Я отстегнулся, всплыл над креслом и, оттолкнувшись, пролетел над пассажирами в нос салона к пилотской кабине. Рисковал, конечно, если гравитация вдруг вернется, свалиться им прямо на головы.
— Вы врач? — дрожащим голоском спросила стюардесса, когда я зацепился за скобы на борту рядом с нею.
— Я? Нет? — улыбнулся я. — А вот она — точно лучший врач на этой планете.
Неловко кувыркаясь, до нас наконец добралась Октавия, я её поймал и притянул к себе.
— Кажется в тебе на самую малость больше массы, чем обычно бывает у девушек твоего сложения, — усмехнулся я, за что заслужил возмущенные взгляд не только от Октавии, но и почему-то от стюардессы.
Мой сосед по месту, кстати, тоже отстегнулся и перебрался по борту к нам. Плюс ему за неравнодушие.
Я повернулся к стюардессе:
— Показывайте. Что у вас тут?
А у нас тут было расслоение аорты. Пожилой пилот захлебывался кровью, выпуская в автономный полет алые шарики. Нда, распространенное последствия постоянных перегрузок. И полное отсутствие пилотской медкомиссии.
Общими усилиями мы вытащили его из кресла.
— Займись им, Октавия — приказал я. — А я займусь кораблем.
Так, ну что тут у нас? Стандартная навигационная схема. Так-так…

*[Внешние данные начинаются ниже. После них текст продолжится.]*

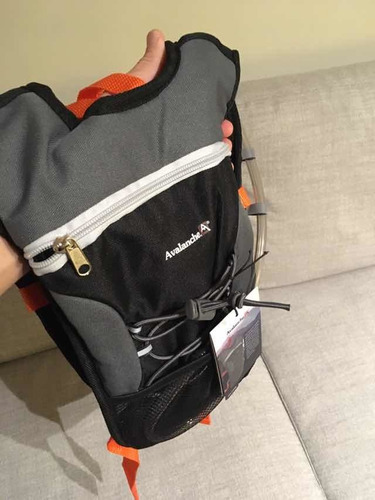 Mochila Hidratante Con Bolsa Para 1 Litro Marca Avalanche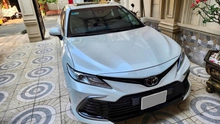 Chủ Toyota Camry chịu lỗ trăm triệu nhưng vẫn bị chê vì đắt hơn giá chưa bóc tem: 'Như này mua xe mới cho sướng'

Ага, понятно, как только пилот вырубился, бортовой кибермозг тут же перевел все системы в режим ожидания. Момент не самый подходящий для такого решения, но кибермозги на таких старых кораблях смерти не боятся.
Я сел в кресло пилота, и тут же получил отказ.
— Ваш пилотский доступ просрочен на тридцать шесть тысяч… — пробормотал кибермозг.
Голос был старческий, ворчливый.
— Да я как бы в курсе, — раздраженно перебил я, не давая закончить фразу и пробуя оживить управление. — Мы следуем аварийным маршрутом, дай мне ручное управление!
— Ваша пилотская квалификация не подходит к данному типу транспорта, — нашел кибермозг новый повод для отказа.
— Эй там! — я обернулся назад. — Спросите в салоне, есть ещё пилоты на борту? Нет? У тебя нет выбора, железяка, дай мне доступ!
— Вы не являетесь владельцем транспортного средства.
— А потом ты ещё что-то новое скажешь? Ты самоубиться хочешь, что ли? Не гневи меня, железка, я могу сделать тебе больно. У нас аварийная ситуация! Управление мне!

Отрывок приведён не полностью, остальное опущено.